§ **Record excerpts**:
§ §

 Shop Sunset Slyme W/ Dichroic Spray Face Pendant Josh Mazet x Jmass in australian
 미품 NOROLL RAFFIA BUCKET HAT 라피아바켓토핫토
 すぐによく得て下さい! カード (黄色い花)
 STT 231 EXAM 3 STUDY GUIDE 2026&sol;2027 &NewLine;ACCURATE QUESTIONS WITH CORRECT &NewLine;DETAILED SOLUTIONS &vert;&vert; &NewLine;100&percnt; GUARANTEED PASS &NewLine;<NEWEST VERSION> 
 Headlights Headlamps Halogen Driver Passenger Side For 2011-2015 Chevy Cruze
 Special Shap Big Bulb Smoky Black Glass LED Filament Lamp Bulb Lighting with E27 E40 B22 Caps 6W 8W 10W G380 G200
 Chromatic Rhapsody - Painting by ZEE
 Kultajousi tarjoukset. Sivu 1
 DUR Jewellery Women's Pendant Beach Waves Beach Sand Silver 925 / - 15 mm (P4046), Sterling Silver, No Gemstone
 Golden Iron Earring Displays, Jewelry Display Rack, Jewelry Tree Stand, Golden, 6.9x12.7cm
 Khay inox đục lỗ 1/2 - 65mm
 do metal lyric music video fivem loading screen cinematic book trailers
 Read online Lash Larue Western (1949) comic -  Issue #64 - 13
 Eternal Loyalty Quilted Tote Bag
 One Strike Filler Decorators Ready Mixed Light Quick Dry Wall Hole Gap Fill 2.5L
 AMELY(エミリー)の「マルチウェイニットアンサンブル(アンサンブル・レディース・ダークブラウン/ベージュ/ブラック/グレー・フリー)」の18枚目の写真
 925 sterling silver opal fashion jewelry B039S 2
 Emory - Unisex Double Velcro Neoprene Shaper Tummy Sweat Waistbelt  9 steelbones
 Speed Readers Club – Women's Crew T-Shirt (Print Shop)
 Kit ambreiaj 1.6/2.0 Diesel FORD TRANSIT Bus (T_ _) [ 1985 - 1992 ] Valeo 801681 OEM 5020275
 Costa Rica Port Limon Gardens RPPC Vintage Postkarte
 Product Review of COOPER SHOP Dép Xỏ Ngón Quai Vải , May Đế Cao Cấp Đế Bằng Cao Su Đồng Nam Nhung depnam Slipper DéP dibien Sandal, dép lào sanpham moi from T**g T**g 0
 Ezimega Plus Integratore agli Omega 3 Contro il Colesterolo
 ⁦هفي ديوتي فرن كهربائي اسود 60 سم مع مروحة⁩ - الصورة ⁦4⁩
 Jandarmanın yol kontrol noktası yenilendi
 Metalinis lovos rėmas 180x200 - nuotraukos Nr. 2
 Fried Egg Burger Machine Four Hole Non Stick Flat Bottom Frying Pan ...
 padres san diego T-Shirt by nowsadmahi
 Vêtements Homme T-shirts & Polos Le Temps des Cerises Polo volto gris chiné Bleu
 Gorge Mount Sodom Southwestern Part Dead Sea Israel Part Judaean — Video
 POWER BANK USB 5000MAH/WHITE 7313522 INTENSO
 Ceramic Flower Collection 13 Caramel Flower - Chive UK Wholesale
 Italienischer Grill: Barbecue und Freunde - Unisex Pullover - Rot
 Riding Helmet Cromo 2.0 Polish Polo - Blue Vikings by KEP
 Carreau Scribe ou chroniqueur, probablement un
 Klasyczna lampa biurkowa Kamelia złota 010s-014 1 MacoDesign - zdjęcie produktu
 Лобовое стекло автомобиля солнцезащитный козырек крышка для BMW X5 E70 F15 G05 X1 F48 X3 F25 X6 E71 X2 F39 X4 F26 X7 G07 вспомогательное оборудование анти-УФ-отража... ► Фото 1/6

§ §

§ **Problem requirements**:
Only lines holding the word "Polo" belong in the answer; copy all of them from the records.

§ **Result of this exercise**:
 Vêtements Homme T-shirts & Polos Le Temps des Cerises Polo volto gris chiné Bleu
 Riding Helmet Cromo 2.0 Polish Polo - Blue Vikings by KEP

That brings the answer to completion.